Mental Reconstruction

He began to tear down walls he had built to protect himself from the pains and hurts of life. Walls so laboriously built, memory by memory, one on top of the other concealing, hiding, and protecting the ever-growing number of wounds he had suffered and now as he began to tear the walls down. Those memories fitted so closely and mortared with cement made from his pain, he chipped away at the barricade one memory at a time.

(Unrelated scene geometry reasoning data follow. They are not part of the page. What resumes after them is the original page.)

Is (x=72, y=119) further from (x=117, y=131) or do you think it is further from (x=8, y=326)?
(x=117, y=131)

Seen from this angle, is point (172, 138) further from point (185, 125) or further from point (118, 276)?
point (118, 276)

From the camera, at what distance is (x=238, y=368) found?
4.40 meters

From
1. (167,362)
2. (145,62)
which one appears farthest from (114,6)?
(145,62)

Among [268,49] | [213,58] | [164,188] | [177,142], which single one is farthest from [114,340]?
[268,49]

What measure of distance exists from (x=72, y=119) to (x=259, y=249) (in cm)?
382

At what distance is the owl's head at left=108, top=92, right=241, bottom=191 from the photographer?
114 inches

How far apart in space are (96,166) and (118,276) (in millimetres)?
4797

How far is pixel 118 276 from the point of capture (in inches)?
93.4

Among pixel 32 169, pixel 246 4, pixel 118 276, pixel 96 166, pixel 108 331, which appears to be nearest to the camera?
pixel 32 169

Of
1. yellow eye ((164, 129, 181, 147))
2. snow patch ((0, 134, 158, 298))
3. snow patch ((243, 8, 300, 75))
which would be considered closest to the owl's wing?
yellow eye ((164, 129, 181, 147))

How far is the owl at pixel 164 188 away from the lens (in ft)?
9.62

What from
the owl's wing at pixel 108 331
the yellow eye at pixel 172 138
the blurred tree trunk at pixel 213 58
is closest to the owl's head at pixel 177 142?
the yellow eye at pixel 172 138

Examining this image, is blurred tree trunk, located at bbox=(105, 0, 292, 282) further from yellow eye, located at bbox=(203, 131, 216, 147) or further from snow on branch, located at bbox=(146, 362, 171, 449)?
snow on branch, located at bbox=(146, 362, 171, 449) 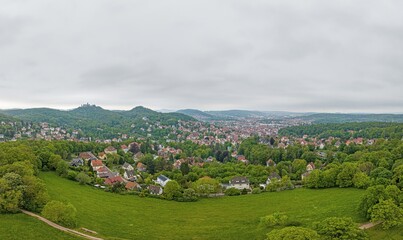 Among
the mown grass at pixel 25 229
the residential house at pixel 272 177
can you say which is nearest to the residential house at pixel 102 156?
the residential house at pixel 272 177

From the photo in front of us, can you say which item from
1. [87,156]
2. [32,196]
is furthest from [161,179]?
[32,196]

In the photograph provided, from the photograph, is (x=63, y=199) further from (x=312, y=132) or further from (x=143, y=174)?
(x=312, y=132)

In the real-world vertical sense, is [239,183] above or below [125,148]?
below

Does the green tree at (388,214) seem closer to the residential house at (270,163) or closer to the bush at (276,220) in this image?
the bush at (276,220)

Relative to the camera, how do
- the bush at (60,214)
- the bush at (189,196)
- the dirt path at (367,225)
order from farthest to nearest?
1. the bush at (189,196)
2. the bush at (60,214)
3. the dirt path at (367,225)

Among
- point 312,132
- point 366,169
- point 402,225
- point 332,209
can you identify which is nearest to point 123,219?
point 332,209

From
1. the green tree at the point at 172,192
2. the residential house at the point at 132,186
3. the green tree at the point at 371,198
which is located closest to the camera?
the green tree at the point at 371,198

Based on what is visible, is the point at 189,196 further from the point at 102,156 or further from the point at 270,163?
the point at 102,156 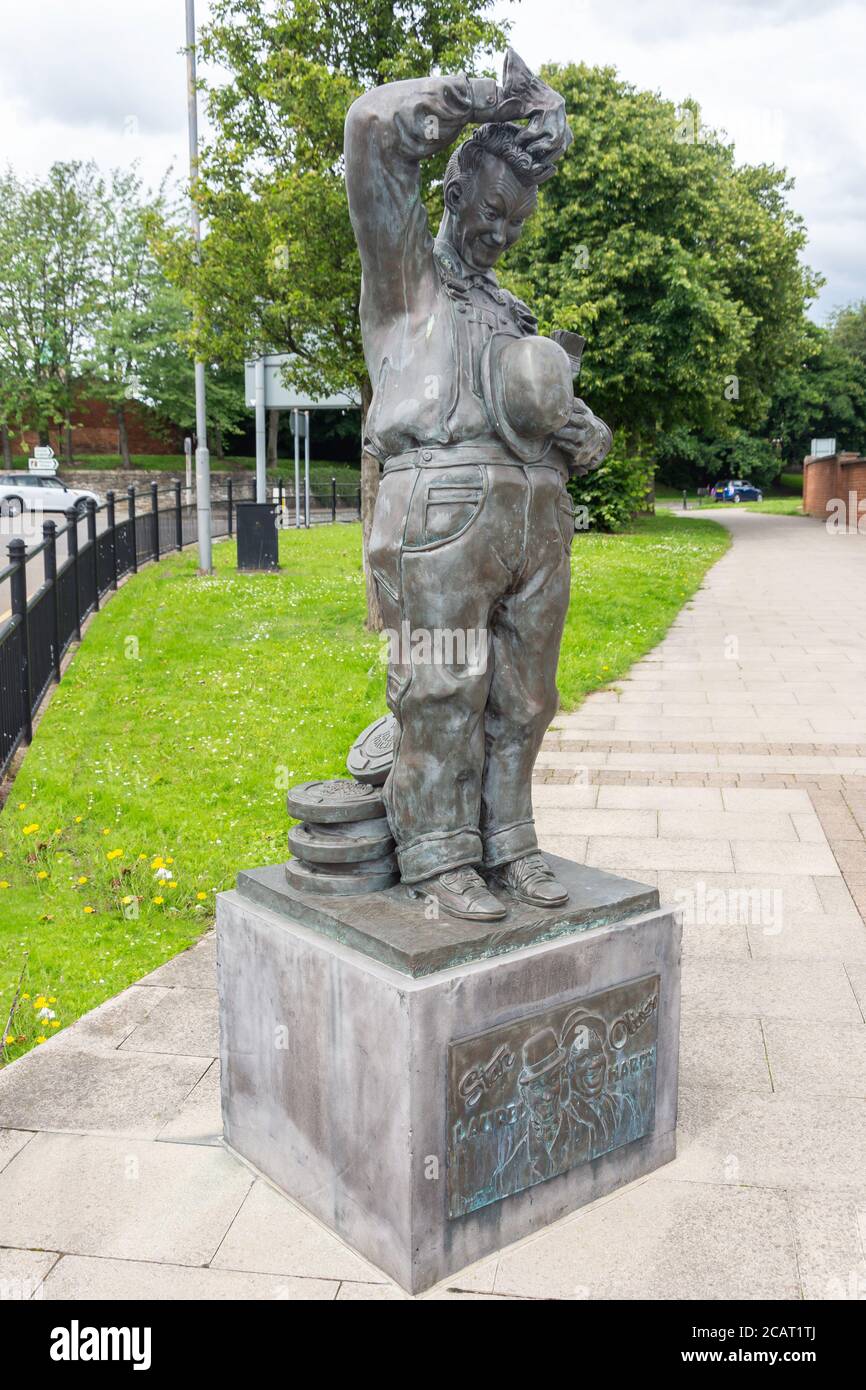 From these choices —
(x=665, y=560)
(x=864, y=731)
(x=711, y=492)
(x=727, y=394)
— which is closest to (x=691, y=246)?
(x=727, y=394)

The very cordons that once protected him from harm, the old-one knew without them, he had a serious chance of suffering the pain again. Yet, these new wounds would remained open to heal, as he learned to cope with his new life.

The memories began to fall, tumble from the precipices of the old one’s mind; through the flaws in his memories, light began to penetrate his darkness. He shaded his eyes from the growing brightness. Rays of light began to appear from the fissures like searing bolts of lightning burning into his colorless skin. The old-one felt the pain from the lights, and that over-whelming warmth, which bore deep into his soul.

The old one’s soul felt alive and he saw all that was new. To see all things different, he was amazed at how things could be something other than the way they were before the blacks and whites and grays began to dissolve into the new motley colors. He closed his eyes as he had done a million times before, and watched the colors grow, evolve, develop, and expand. He felt the peace growing within him.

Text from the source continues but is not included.